1. Le péché apparaît pour la première fois au paradis terrestre, sous la forme d’un acte de volonté humaine en opposition avec la volonté souveraine du Créateur. Dieu défend un acte sous peine de mort. Ce qui a été dit de l’homme créé à l’image de Dieu, Gen., i, 26, 27, la notion d’un Dieu puissant, sage et juste, qui ressort des premiers récits du Livre sacré, et la défense imposée à l’homme par ce Dieu souverainement bon et parfait, supposent nécessairement que l’homme jouit d’une volonté libre, intelligente et par conséquent responsable. Malgré la défense divine, un acte extérieur est accompli. Bien que le récit sacré ne raconte que ce qui se voit, dans cet acte et ses conséquences, il va de soi qu’il faut aller ici au delà de la lettre. Le mal n’est pas dans l’acte extérieur, mais dans la volonté qui désobéit ; le coupable n’est pas la main qui exécute, mais l’âme libre qui commande aux organes. Cette conclusion ressort clairement du châtiment imposé au coupable. Pour encourir un pareil châtiment de la part d’un Dieu juste, il a fallu qu’il y eût dans le péché, non seulement un acte extérieur, mais encore et surtout un acte intérieur, celui d’une volonté consciemment et librement en opposition avec la volonté du Maître tout-puissant. Il est vrai qu’un autre être intervient pour incliner dans le sens de la désobéissance la volonté de la femme et, par elle, celle de l’homme. Mais cette influence, si perverse et si forte qu’elle soit, n’a d’action sur la volonté libre qu’autant que celle-ci le veut bien. Elle peut diminuer sa responsabilité, elle ne la supprime pas, parce que la volonté de l’homme est restée suffisamment maîtresse d’elle-même. C’est ce qu’il faut encore conclure de la sentence de condamnation, mitigée et laissant la porte ouverte à l’espérance du pardon, mais cependant sévère et supposant une culpabilité grave chez les deux coupables.
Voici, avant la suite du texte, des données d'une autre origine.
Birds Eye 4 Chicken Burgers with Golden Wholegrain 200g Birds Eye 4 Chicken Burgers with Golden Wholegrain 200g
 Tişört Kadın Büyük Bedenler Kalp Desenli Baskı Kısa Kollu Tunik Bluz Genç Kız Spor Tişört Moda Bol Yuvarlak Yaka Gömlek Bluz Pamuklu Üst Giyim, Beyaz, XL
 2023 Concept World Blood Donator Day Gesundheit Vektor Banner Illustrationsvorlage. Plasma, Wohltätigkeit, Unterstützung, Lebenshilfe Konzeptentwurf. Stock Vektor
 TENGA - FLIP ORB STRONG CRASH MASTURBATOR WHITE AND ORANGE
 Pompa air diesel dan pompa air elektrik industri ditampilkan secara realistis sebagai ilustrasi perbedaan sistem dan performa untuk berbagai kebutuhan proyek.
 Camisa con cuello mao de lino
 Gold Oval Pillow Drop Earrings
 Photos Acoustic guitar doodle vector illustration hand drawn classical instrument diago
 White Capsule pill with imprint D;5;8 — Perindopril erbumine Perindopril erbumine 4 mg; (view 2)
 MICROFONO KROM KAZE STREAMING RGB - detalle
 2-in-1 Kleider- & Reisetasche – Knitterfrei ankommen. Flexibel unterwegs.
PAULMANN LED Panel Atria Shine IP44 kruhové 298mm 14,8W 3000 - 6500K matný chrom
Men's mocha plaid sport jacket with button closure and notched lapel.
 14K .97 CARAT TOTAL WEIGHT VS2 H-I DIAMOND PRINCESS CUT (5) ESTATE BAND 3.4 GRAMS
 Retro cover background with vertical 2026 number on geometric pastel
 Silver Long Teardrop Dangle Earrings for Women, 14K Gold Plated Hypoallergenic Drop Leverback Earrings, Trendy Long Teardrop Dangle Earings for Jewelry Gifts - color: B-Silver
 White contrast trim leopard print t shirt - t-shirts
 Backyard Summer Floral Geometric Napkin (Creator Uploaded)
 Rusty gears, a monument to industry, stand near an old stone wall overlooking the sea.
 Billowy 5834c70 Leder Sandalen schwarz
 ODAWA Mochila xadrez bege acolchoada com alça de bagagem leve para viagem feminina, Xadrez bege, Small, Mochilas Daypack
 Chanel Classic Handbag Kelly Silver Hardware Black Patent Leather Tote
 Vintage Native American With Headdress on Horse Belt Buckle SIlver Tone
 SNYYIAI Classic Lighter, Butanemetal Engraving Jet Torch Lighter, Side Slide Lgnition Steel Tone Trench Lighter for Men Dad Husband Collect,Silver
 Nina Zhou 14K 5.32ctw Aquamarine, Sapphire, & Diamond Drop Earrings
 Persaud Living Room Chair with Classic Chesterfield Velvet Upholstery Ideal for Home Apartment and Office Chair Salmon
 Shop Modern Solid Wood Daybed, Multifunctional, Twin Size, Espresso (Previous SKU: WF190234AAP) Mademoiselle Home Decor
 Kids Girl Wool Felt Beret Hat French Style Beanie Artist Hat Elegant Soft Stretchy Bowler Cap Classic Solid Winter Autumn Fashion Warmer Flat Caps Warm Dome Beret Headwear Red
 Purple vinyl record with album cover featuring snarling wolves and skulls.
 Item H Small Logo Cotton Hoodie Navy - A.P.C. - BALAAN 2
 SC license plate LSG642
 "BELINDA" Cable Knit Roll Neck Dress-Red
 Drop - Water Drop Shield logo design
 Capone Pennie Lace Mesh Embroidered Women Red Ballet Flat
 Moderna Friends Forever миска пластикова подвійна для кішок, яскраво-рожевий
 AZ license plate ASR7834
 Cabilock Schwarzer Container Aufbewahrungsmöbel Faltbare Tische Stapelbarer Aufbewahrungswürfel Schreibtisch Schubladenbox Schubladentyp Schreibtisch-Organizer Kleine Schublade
Gen., iii, 119.

2. Après avoir ainsi fait son apparition dans l’humanité, le péché s’y perpétue, par des actes volontaires, à travers toutes les générations. Le meurtre d’Abel par Caïn a sans doute été précédé par bien d’autres fautes moins graves. Toujours est-il qu’avant son crime le meurtrier reçoit un avertissement qui marque l’attitude que doit avoir l’homme en face du bien et du mal, quelles que soient la fureur de ses passions et les sollicitations de la tentation : « Si tu fais bien, ne seras-tu pas agréé ? Et si tu ne fais pas bien, le péché ne se tient-il pas à ta porte ? Son désir se tourne vers toi ; mais toi, tu dois dominer sur lui. » Gen., iv, 7. Le premier phénomène se passe dans la conscience de l’homme, quand il a cessé de faire le bien, c’est-à-dire de conformer sa volonté à celle de Dieu. Il sent qu’il n’est plus agréable à son Créateur, qu’il ne peut plus lever la tête vers lui avec assurance. Déjà le péché est à la porte, comme une bête fauve qui cherche à forcer l’entrée ; il veut contracter une sorte d’union avec l’homme ; mais celui-ci reste le maître, il peut et doit dominer. Sa liberté reste suffisante, sa volonté demeure assez armée pour se défendre et triompher. Caïn ne sut pas faire triompher sa volonté.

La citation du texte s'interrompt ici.